- _Directions_
Go to the line holding "2026 Chevrolet Silverado LT" in the entries below and write out exactly every line down to and including the line holding "美品 ドラゴンボールヒーローズ ブロリー 3枚セット".

Dataset entries
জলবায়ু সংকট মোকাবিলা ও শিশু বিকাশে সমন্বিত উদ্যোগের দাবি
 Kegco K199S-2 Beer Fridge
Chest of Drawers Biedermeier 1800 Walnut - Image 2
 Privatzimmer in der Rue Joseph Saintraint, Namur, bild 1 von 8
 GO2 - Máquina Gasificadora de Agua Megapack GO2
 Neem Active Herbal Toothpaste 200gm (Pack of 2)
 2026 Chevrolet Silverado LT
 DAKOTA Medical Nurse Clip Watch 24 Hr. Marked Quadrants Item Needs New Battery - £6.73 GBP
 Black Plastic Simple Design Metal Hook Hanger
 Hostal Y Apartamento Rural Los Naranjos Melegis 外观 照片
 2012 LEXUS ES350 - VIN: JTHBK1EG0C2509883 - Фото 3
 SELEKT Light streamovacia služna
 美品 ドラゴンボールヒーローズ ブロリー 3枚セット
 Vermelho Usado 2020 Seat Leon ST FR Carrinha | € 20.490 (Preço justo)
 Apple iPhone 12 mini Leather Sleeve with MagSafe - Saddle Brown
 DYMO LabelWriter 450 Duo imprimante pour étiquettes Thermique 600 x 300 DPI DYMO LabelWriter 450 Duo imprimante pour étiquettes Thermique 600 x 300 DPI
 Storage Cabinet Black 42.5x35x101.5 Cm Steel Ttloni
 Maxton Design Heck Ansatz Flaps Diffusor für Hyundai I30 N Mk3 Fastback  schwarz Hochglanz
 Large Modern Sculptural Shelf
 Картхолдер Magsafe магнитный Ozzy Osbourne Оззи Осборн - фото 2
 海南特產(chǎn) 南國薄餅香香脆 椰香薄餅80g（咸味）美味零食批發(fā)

- _Result of this exercise_
 2026 Chevrolet Silverado LT
 DAKOTA Medical Nurse Clip Watch 24 Hr. Marked Quadrants Item Needs New Battery - £6.73 GBP
 Black Plastic Simple Design Metal Hook Hanger
 Hostal Y Apartamento Rural Los Naranjos Melegis 外观 照片
 2012 LEXUS ES350 - VIN: JTHBK1EG0C2509883 - Фото 3
 SELEKT Light streamovacia služna
 美品 ドラゴンボールヒーローズ ブロリー 3枚セット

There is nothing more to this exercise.